The result speaks for itself as EXP has outperformed the S&P 500, as the chart below shows, averaging an annual return of 16.7% verses the index’s 9.4%, since 1995.

EXP vs SPY | dividendchannel.com

Powerful Pricing Power

Cement companies like EXP—boring and untouchable, similar to coal and oil companies—could prove a surprising winner in the years ahead. There are two aspects of the cement market that could continue to give the companies strong pricing power.

First, supply is not keeping up with demand. EXP’s management said as much in its last earnings call:

On the supply side, U.S. manufactured cement supply continues to be outpaced by demand.

Total capacity has fallen since 2010 when further regulations were enacted known as niche, making new plant construction and capacity expansion challenging. This creates the ingredients for a strong pricing environment.

And the situation is unlikely to change any time soon. According to management:

We have very stringent permitting requirements in our industry. Because of this, we do not perceive any significant new plant builds or expansions in our markets that would materially change the supply picture. The natural consequence of these two factors is sustained pricing power.

Not a great situation for the economy but an awesome cocktail for existing suppliers of construction materials.

A second reason pricing power will likely persist is because cement companies are local monopolies.

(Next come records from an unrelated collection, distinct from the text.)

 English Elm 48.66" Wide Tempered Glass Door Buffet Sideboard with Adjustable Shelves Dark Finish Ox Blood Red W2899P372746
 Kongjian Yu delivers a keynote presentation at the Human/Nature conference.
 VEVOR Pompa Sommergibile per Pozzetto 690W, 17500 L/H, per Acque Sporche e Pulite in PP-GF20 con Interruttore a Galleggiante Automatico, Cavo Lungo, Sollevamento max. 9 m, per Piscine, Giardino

Building materials such as cement, concrete, aggregates, and gypsum wallboard are heavy and therefore expensive to transport making it nearly impossible for distant competitors to compete economically. This creates multiple mini-markets within which each player is a de facto monopoly. Management hinted at this in its latest annual report, writing:

Because of its low value-to-weight ratio, the relative cost of transporting cement on land is high and limits the geographic area in which each producer can market its products profitably. Management believes shipments of cement by truck are generally limited to a 150-mile radius from each plant, with the shipping radius increasing to up to 300 miles by rail, and further by barge. Therefore, the U.S. cement industry comprises numerous regional markets rather than a single national market.

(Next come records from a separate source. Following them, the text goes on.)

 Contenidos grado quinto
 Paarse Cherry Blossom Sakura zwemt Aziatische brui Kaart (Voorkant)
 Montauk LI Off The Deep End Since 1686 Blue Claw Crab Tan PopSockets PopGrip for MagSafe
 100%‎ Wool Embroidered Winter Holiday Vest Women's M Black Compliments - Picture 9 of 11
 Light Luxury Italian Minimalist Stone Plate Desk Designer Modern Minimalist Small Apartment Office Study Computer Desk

So because the cement industry is experiencing a supply/demand imbalance and because cement companies are essentially local monopolies, they should be able to maintain strong pricing power for the foreseeable future. This in turn could mean high returns for investors. We believe this setups up a situation well worth digging further into and plan to do so in the weeks ahead.


With that we’ve wrapped up the latest episode of the show. We hope you got something out of this initial look at a new industry and a new company. We like what we see in cement, and EXP in particular, but we haven’t put any money to work in the space yet. We have a lot more work to do.

Thanks again for all your support and feedback. We’ve seen an uptick in reader interaction on our Substack page as you all chime in with your own thoughts and ideas. We love hearing from you guys. Thank you. We’ll see you all next Saturday on the next episode.